◆ **Task instructions**:
Both the line with "DecoWoerner Ramas Y" and the line with "Slika od Propalestinski" in the records below must appear in the output, along with every line between them, exactly and with nothing added.

◆ **Excerpted data**:
______

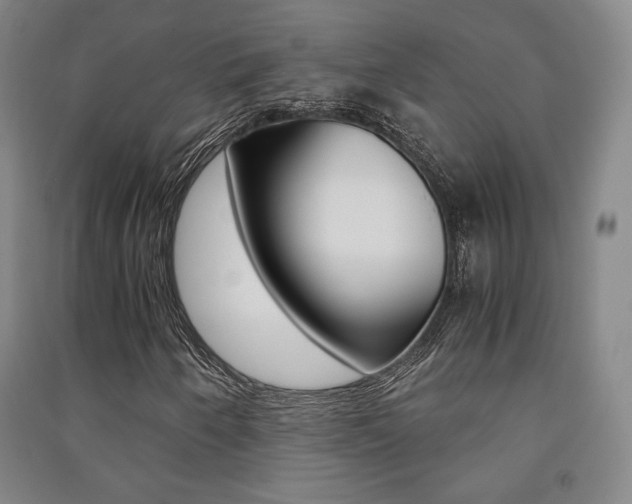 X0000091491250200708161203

______

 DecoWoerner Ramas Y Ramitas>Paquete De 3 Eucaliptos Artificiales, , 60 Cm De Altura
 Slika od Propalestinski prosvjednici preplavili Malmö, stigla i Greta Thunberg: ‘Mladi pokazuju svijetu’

______

◆ **Result of the task**:
 DecoWoerner Ramas Y Ramitas>Paquete De 3 Eucaliptos Artificiales, , 60 Cm De Altura
 Slika od Propalestinski prosvjednici preplavili Malmö, stigla i Greta Thunberg: ‘Mladi pokazuju svijetu’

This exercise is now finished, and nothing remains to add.